Transcribe all of the data exactly. Omit the pictures.

» Data below:
=== Section Start ===

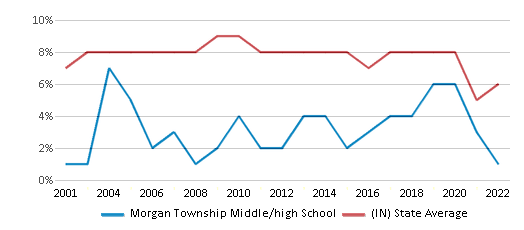 Morgan Township Middle-High School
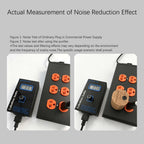 Hifi Audio Couple rx-2 filter Reduce noise EMI filter Common noise filter  Normal noise filter Purifier AC noise Portable filter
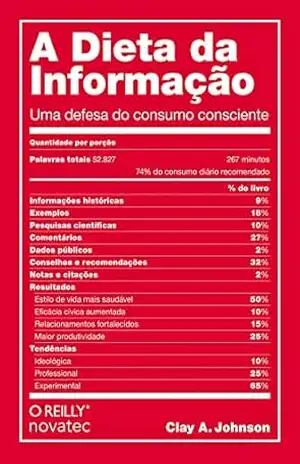 A dieta da informação: Uma defesa do consumo consciente – Clay A. Johnson A dieta da informação: Uma defesa do consumo consciente – Clay A. Johnson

=== Section End ===

» Exercise response:
 Morgan Township Middle-High School
 Hifi Audio Couple rx-2 filter Reduce noise EMI filter Common noise filter  Normal noise filter Purifier AC noise Portable filter
 A dieta da informação: Uma defesa do consumo consciente – Clay A. Johnson A dieta da informação: Uma defesa do consumo consciente – Clay A. Johnson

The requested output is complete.